The article you are reading is inspired by a video titled “The Truth of Everything (Animated)” by Benjamin Davies. This video goes into the complexities of human perception, philosophy, and the nature of reality, offering a unique lens through which to view the world. It employs a quadrant diagram to categorize various philosophical perspectives and argues that our understanding of reality is shaped by a principle of complementarity between subjectivity and objectivity.
Contents
- The Quadrant Diagram and Philosophical Perspectives
- The Paradox of Self-Reference
- The Fractal Nature of Perception
- The Evolutionary Path of Understanding
- The Unity of All Things
- The video
The Quadrant Diagram and Philosophical Perspectives
The video introduces a quadrant diagram that serves as a framework for understanding all philosophical perspectives. This diagram is divided into four worldviews: subjectivism, objectivism, a nuanced form of objectivism that asserts a deeper level of reality beneath the subject-object relation, and a form of subjectivism that aims to explain reality as a unity of the subject-object relation. This last perspective is particularly intriguing because it is inherently self-referential and paradoxical (a thought that might make one ponder the limitations of human cognition).

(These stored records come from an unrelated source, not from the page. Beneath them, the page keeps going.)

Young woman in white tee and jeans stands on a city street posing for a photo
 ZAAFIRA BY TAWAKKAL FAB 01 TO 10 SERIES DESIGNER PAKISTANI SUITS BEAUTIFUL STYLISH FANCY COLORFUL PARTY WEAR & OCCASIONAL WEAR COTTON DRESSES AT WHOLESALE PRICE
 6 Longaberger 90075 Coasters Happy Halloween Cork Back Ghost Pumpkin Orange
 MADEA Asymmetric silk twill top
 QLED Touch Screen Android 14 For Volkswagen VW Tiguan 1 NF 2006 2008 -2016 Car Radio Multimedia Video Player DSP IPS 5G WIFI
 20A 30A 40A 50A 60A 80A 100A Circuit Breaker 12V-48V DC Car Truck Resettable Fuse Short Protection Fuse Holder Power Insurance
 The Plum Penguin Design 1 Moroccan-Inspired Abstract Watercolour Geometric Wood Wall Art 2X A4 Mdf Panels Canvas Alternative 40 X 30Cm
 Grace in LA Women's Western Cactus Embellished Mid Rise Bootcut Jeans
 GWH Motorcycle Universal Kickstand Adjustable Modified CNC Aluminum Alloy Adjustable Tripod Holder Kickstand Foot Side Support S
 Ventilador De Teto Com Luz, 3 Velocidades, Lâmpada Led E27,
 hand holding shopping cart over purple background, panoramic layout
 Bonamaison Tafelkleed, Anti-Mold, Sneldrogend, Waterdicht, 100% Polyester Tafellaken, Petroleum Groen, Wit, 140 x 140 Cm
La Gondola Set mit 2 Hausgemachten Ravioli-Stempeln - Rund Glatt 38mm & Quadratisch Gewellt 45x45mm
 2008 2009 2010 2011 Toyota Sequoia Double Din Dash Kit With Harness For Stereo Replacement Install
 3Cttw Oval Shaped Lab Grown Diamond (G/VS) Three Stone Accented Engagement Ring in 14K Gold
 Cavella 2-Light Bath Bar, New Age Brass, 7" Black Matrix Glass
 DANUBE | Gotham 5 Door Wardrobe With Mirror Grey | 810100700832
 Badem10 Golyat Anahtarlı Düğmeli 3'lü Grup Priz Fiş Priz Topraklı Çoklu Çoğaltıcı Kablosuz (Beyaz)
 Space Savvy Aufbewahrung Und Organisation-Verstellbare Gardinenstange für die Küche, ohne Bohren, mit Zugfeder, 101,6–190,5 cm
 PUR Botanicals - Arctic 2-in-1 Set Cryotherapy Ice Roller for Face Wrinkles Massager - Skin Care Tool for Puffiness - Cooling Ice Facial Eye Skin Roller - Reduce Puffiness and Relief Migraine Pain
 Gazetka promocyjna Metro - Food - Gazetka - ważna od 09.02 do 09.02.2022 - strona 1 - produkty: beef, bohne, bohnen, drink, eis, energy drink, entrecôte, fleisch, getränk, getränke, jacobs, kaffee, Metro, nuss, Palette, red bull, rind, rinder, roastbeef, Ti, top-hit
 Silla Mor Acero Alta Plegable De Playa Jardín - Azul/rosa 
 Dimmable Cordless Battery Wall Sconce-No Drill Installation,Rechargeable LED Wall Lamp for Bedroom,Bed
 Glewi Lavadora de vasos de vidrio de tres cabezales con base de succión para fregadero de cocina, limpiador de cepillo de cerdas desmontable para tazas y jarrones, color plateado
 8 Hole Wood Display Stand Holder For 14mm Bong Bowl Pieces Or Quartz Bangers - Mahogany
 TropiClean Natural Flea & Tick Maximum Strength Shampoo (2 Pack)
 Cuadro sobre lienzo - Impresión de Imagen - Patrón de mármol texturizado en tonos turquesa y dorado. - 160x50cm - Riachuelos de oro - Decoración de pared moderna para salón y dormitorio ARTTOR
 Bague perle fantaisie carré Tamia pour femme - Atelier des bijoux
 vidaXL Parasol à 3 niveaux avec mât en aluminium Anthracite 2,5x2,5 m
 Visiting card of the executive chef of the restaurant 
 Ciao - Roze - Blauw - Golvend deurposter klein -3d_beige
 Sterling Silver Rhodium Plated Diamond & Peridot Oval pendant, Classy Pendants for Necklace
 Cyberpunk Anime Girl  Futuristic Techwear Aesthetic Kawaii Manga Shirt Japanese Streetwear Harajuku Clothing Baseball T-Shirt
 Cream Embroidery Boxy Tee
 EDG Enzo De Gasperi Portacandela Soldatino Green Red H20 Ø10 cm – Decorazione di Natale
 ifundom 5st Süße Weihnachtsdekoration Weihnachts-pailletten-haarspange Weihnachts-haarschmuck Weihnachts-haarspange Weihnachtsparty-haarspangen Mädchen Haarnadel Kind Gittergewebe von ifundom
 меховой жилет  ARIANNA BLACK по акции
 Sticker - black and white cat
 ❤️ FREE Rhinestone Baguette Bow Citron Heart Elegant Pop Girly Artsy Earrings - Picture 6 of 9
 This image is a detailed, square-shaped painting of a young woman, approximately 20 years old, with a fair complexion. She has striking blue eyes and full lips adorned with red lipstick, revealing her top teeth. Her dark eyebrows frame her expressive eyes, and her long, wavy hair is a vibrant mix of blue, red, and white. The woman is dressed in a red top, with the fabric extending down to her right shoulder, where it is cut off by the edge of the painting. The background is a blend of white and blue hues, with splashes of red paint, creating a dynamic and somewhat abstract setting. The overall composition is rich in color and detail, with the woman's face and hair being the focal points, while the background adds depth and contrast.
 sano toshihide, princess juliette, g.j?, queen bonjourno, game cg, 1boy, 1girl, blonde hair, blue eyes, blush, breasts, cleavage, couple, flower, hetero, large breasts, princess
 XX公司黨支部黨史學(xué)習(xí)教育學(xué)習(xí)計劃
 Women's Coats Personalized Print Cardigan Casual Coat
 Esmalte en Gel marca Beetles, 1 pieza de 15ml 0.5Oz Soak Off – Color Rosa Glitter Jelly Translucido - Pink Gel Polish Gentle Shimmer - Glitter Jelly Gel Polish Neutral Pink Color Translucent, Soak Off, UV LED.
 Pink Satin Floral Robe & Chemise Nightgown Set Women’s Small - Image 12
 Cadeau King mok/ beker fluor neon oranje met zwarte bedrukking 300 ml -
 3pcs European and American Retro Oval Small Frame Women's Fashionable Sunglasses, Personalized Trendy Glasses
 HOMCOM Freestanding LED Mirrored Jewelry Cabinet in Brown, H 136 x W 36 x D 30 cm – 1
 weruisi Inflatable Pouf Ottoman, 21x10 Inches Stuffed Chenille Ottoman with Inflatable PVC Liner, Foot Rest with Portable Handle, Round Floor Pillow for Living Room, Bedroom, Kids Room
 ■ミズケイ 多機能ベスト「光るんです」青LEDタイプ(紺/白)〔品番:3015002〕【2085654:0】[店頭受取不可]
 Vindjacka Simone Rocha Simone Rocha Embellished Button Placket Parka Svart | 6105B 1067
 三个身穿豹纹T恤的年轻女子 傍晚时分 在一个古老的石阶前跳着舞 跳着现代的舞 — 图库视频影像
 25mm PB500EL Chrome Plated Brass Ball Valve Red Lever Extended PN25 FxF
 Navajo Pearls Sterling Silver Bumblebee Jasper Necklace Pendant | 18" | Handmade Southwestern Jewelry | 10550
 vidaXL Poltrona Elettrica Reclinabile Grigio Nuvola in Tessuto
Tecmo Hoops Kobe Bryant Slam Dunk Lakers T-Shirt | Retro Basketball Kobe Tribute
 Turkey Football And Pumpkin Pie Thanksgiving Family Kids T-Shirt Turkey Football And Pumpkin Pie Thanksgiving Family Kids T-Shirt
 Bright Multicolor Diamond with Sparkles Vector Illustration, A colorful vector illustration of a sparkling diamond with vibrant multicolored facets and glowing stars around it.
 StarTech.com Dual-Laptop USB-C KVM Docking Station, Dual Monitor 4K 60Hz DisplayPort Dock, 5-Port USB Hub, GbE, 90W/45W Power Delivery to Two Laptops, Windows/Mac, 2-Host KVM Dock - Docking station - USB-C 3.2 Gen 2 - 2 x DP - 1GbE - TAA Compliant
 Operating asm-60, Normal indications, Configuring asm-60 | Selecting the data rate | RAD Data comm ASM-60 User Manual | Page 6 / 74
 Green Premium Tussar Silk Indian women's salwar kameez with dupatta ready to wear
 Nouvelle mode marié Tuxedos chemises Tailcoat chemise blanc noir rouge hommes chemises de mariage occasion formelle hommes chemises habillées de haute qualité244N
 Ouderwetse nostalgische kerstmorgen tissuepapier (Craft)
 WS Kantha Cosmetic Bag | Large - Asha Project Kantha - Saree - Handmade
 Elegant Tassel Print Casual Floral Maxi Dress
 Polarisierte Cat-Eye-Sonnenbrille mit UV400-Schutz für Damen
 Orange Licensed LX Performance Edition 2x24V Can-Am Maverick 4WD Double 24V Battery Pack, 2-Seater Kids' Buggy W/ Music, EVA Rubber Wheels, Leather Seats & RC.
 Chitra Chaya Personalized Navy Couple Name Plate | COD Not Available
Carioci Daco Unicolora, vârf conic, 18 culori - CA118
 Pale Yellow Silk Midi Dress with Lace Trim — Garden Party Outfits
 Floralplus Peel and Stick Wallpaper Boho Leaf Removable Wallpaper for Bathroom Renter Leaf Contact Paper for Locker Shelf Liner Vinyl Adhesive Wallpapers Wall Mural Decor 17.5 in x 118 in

The Paradox of Self-Reference
Benjamin Davies discusses the existence of self-referential paradoxes, which challenge our traditional understanding of logic and truth. According to him, provable statements can only be considered true if we accept that some statements are neither true nor false, or both true and false. This notion disrupts the conventional understanding of logical consequence, provability, and truth, suggesting that logic alone cannot be used to discriminate between theories.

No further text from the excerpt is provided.